*Action item*: Omit the pictures and return exactly the stretch of the material below from the line with "Dactylorhiza traunsteineri" through the line with "Vineland Gardens Image 12".

[Source data Boundary: Start]

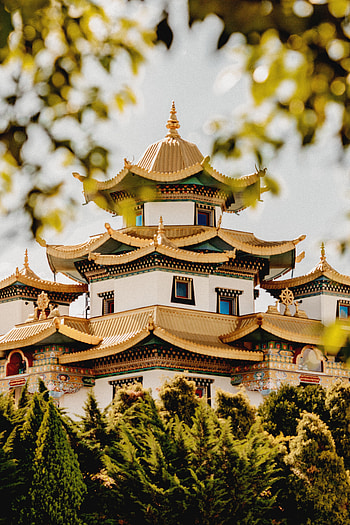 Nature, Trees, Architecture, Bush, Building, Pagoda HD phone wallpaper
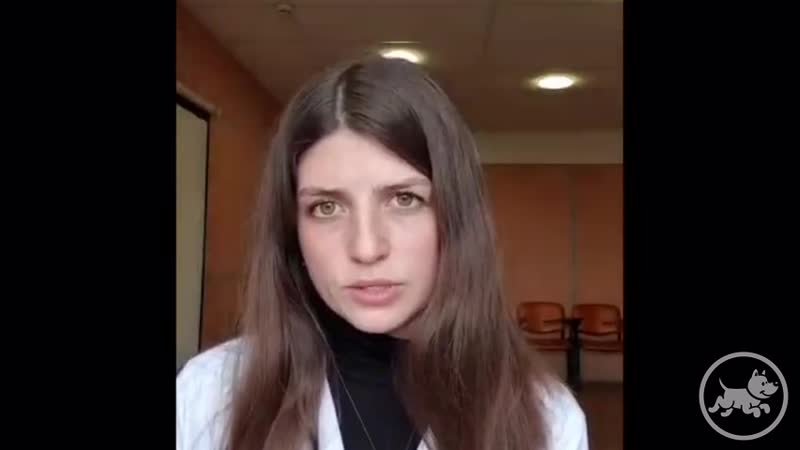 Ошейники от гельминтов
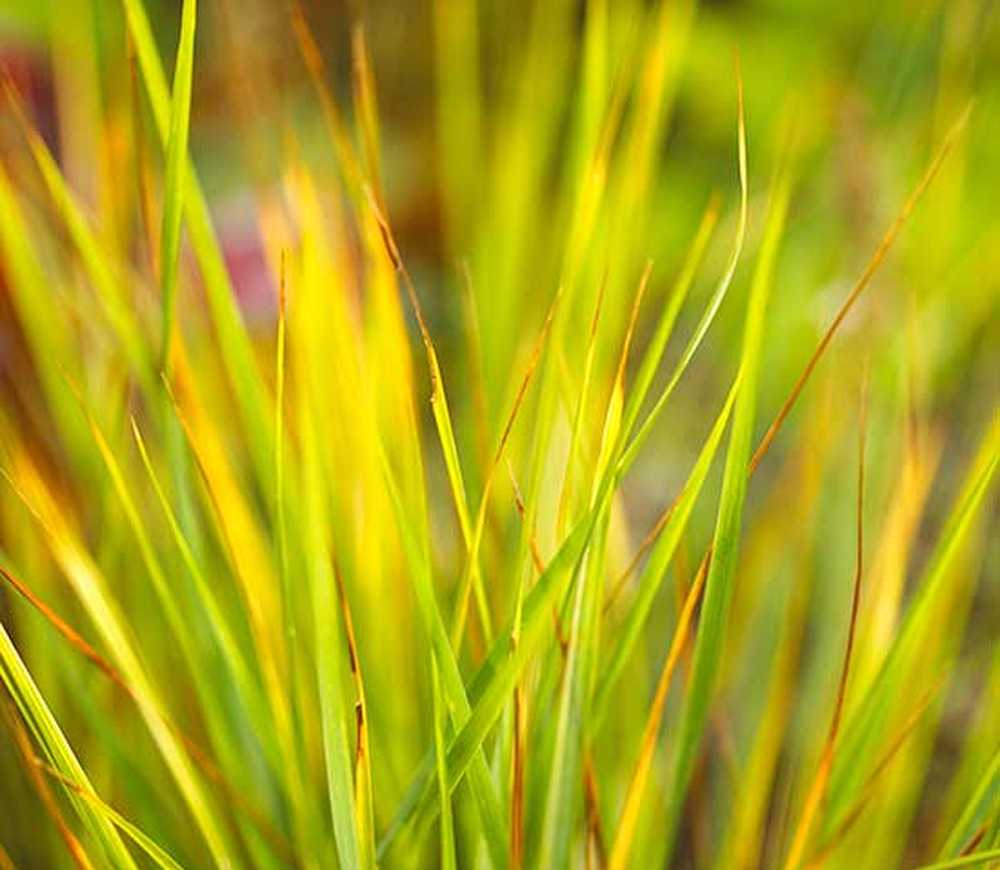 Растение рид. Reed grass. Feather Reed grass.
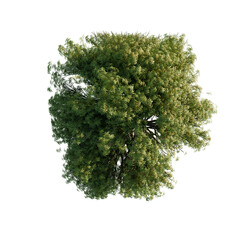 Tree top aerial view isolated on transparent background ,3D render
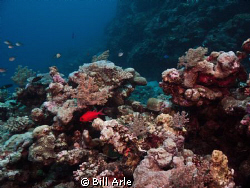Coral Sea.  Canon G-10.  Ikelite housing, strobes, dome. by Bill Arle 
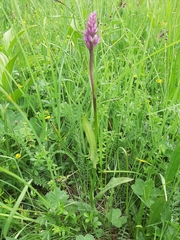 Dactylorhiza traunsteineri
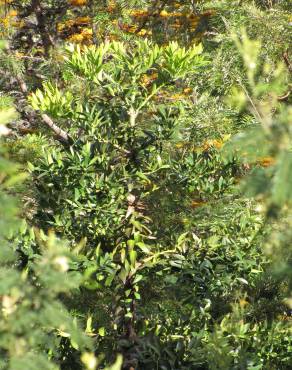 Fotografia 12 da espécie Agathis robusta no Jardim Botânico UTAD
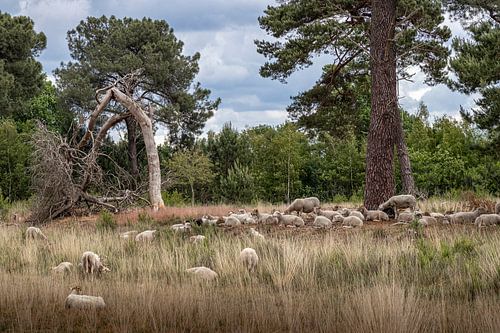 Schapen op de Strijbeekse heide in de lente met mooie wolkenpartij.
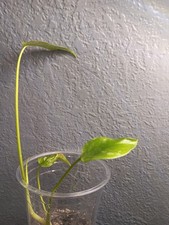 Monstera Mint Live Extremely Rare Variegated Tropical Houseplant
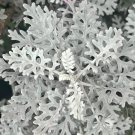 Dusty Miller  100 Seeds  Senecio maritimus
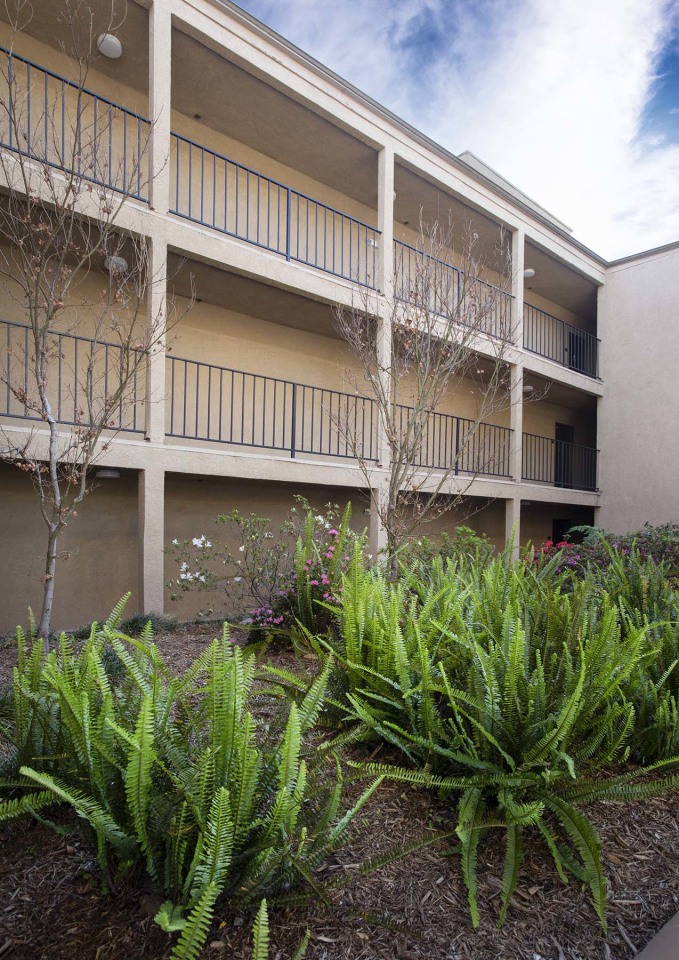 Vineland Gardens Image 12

[Source data Boundary: End]
[Source data Boundary: Start]

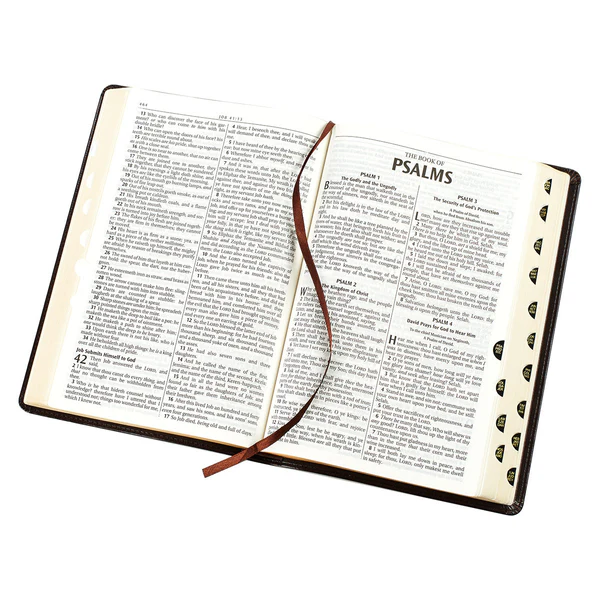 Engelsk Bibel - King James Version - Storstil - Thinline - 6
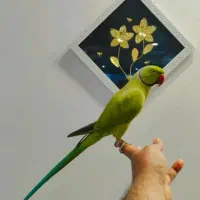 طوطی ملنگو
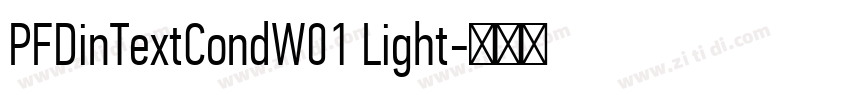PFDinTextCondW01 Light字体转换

[Source data Boundary: End]

*Exercise solution*:
 Dactylorhiza traunsteineri
 Fotografia 12 da espécie Agathis robusta no Jardim Botânico UTAD
 Schapen op de Strijbeekse heide in de lente met mooie wolkenpartij.
 Monstera Mint Live Extremely Rare Variegated Tropical Houseplant
 Dusty Miller  100 Seeds  Senecio maritimus
 Vineland Gardens Image 12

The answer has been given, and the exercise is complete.